Çok kısa zamanda Allah Resûlü (a.s.m.) ne yapmıştı da medeniyetten uzak, kaba, saba insanları cezb ve celb etmiş ve çok kısa zamanda onları dünyanın en medenî milletlerine dahi öğretmenlik yapacak hâle getirmişti?
Hiç şüphesiz bunda gönüllere hitap eden güzel hasletleri en büyük rolü oynamıştı. Kur’ân der ki: “Allah’tan bir rahmet eseridir ki, sen onlara yumuşak davrandın. Eğer sen huysuz ve katı kalbli birisi olsaydın muhakkak onlar senin etrafından dağılıp giderlerdi. Artık onları affet, Allah’ın da onları bağışlaması için duâ et ve işlerinde onlarla istişâre et. İstişâre ile karar verip azmettiğinde ise Allah’a güven ve Ona tevekkül et. Şüphesiz Allah Kendisine tevekkül edenleri sever.”
Bu âyet Efendimizin (asm), insanlar hatalar da yapsalar sert değil, yumuşak davranmasının onları kendinden koparmadığını, etrafında toplamaya yettiğini belirtiyor. Daha öte onlarla yaptığı istişare, bağları kuvvetlendirmiş, kopmayasıya bağlanmalarını sağlamıştı.
İşte bağlayıcı bu güzel hasletlerden biri istişaredir. Cenâb-ı Hak âyette de görüldüğü gibi Resûlünü Ashabıyla meşverete dâvet ediyor. Şûrâ Sûresinin 38. âyeti de şu meâlde: “Onlarla iş hususunda istişare et” buyuruyor.

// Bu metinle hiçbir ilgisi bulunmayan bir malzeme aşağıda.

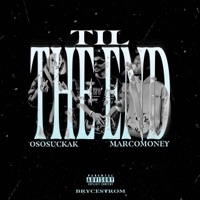 Til The End (feat. OsosuckaK & MarcoMoney) - Single - Bryceprod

Bu âyetin metni, Türkiye Cumhuriyetinin ilk meclis binası duvarında da yazılı idi.
İşten anlayan kimselerce ve şartlarına uygun olarak yapılan meşveret pişmanlık uyandırmaz. Nitekim hadis-i şeriflerinde Allah Resûlü (a.s.m.) “İstişare eden asla pişman olmaz.”1 “Bir millet istişare ettiği müddetçe zillete düşmez”2 buyurmuşlardır.
Ancak yukardaki âyet, meşveret ettikten sonra karar çoğunluk tarafından alındığı için tereddüt ve gevşeklik göstermeden, ona uyulması gerektiğini emrediyor. Nitekim Allah Resûlü (a.s.m.) Uhud’da meydan savaşına çoğunluk tarafından karar verildiğinde, kendi görüşüne ters düştüğü halde, meşveretin sonucuna uymuş; Medine’de kalıp savunma savaşı yapalım dedikleri halde, “Bir peygamber zırhını giydiği zaman asla çıkarmaz” diyerek kararlılığını göstermişti.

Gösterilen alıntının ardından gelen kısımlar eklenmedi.